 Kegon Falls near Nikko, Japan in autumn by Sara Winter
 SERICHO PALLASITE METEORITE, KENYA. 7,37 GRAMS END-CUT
---
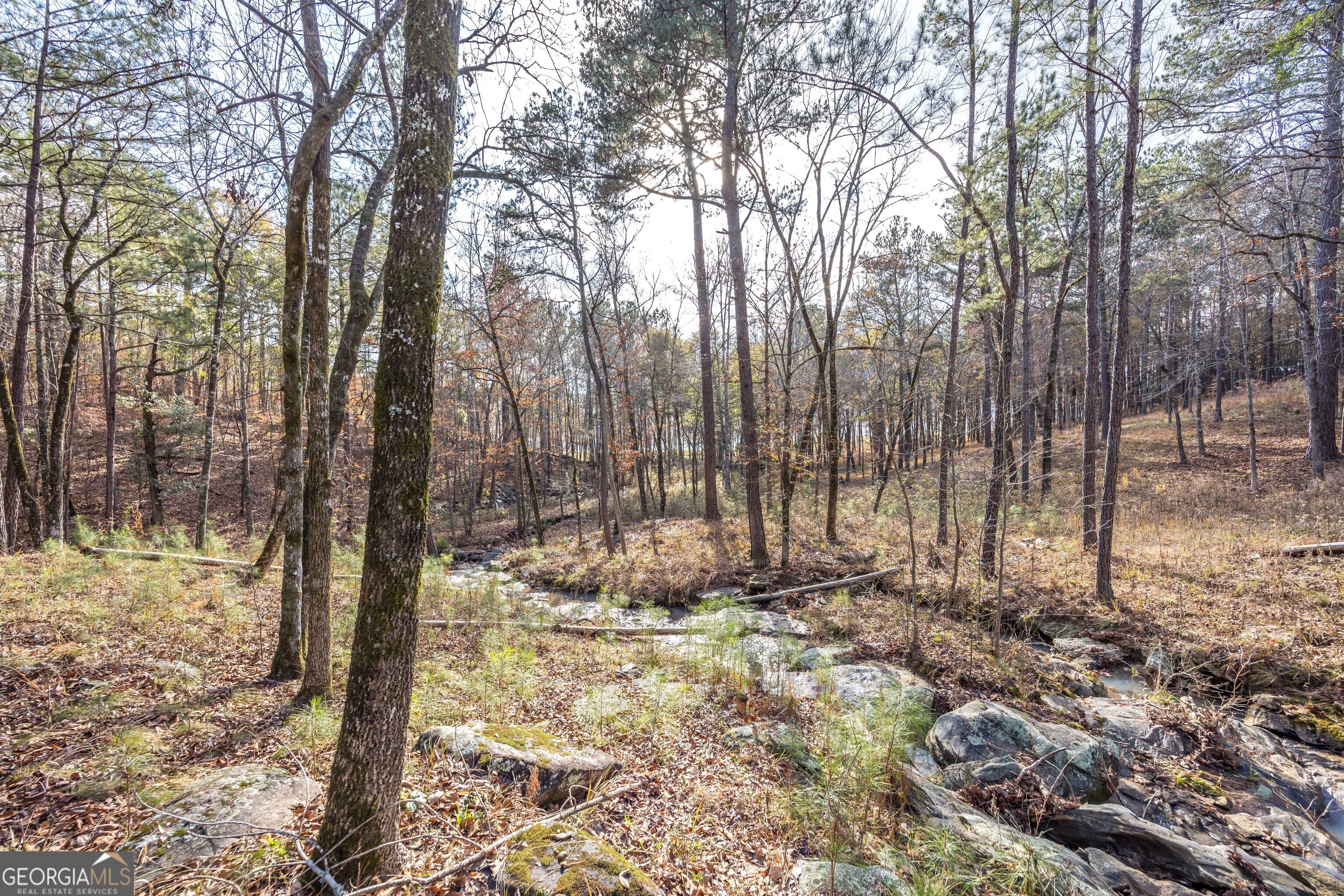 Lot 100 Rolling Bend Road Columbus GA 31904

* WHAT TO WORK ON
All lines above between those holding "Kegon Falls near" and "SERICHO PALLASITE METEORITE, KENYA.", inclusive, must be set down unchanged, and no other line may be included.

* ANSWER TO THIS TASK
 Kegon Falls near Nikko, Japan in autumn by Sara Winter
 SERICHO PALLASITE METEORITE, KENYA. 7,37 GRAMS END-CUT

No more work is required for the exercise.